▸ **Task to carry out**: Extract every line between the one with "Easy Pants Burnt Orange Corduroy" and the end of the entries, both included, word for word and free of pictures.

▸ **Data section**:
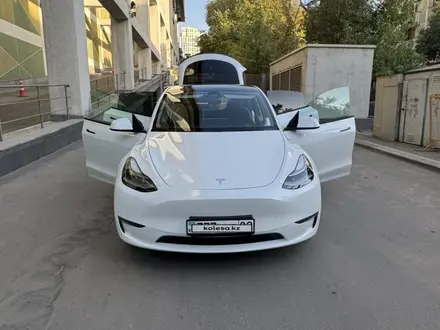 Tesla Model Y 2022 года за 15 000 000 тг. в Алматы – фото 8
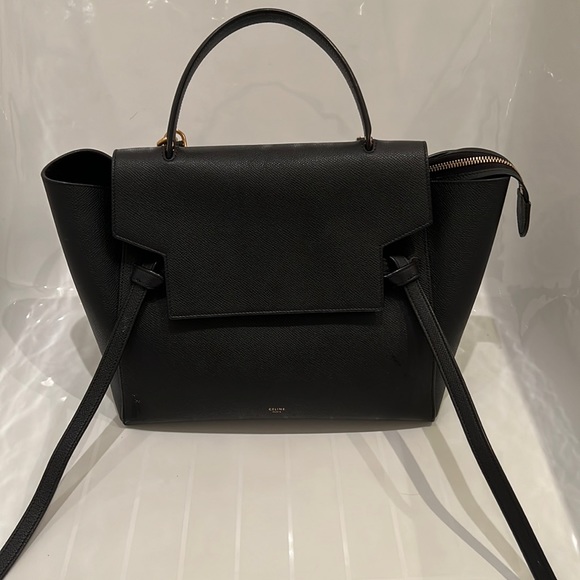Celine Handbags - Celine micro belt bag in black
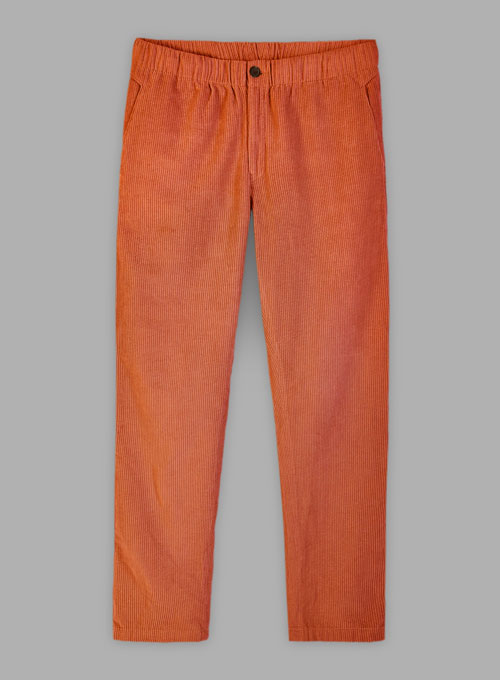 Easy Pants Burnt Orange Corduroy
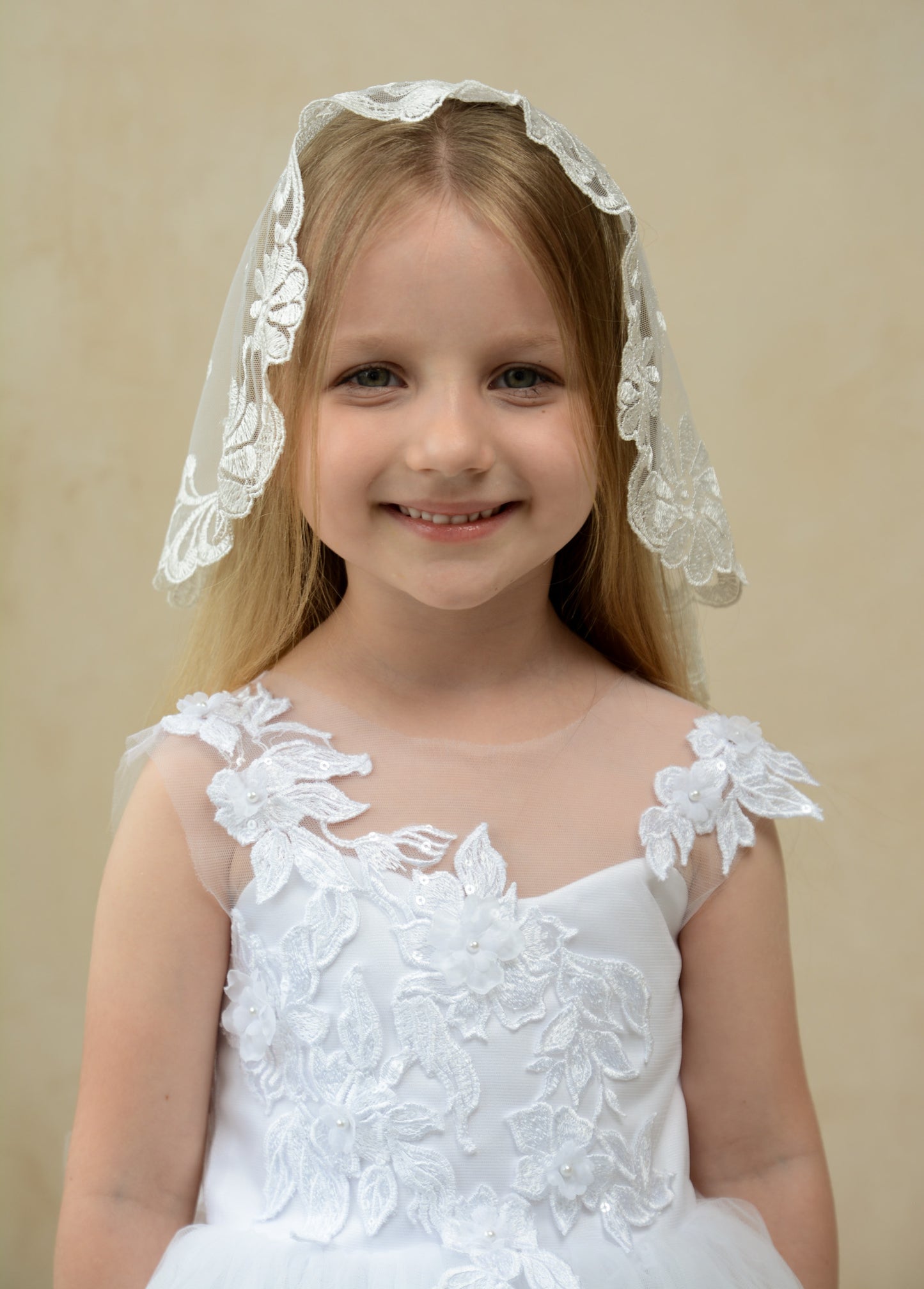 SHORT WHITE VEIL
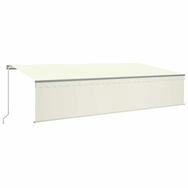 vidaXL Markise Markise Manuell Einziehbar mit Rollo 6x3 m Creme (1-St)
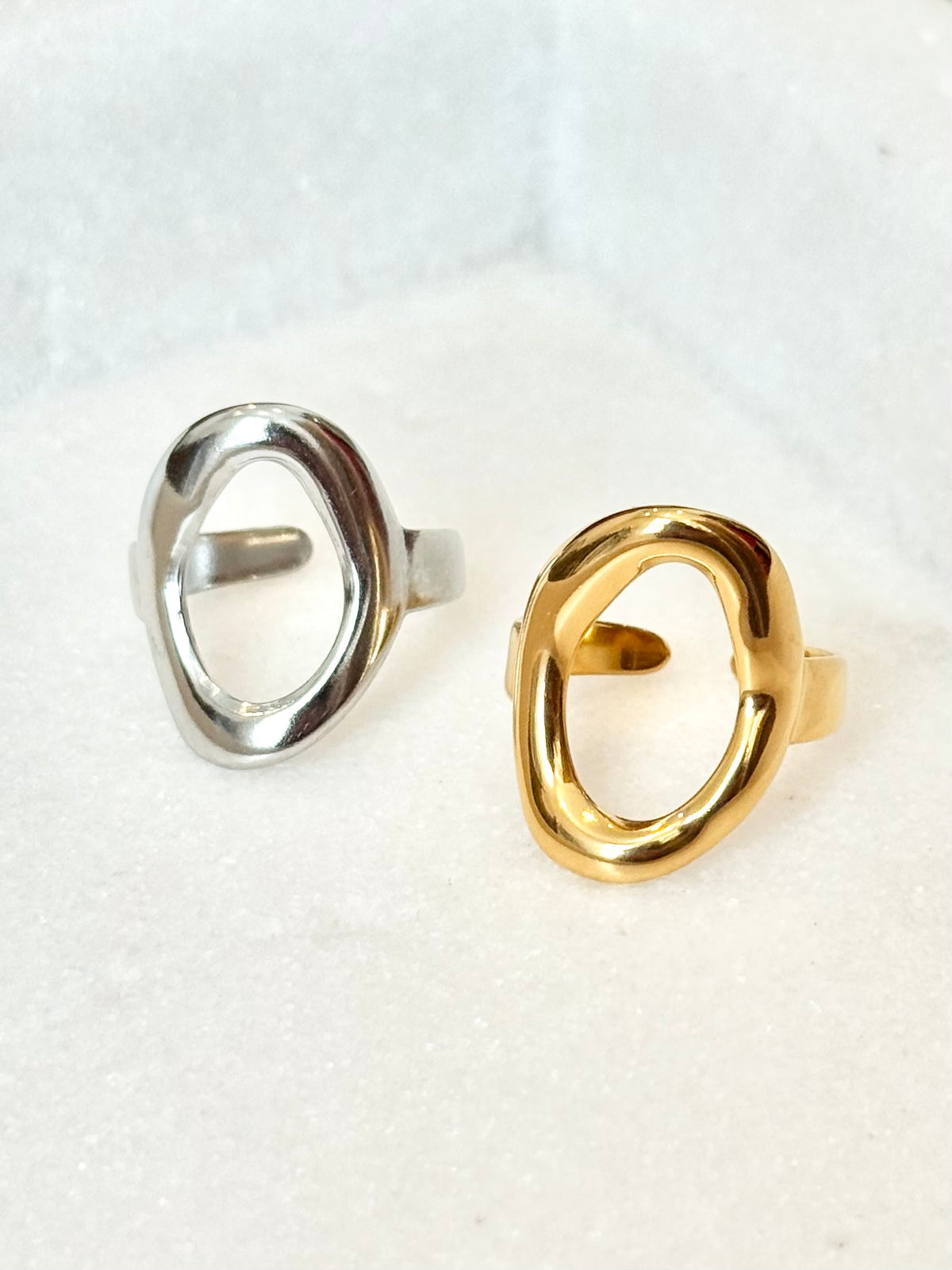 Halo Ring | Gold & Silver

▸ **Task solution**:
 Easy Pants Burnt Orange Corduroy
 SHORT WHITE VEIL
 vidaXL Markise Markise Manuell Einziehbar mit Rollo 6x3 m Creme (1-St)
 Halo Ring | Gold & Silver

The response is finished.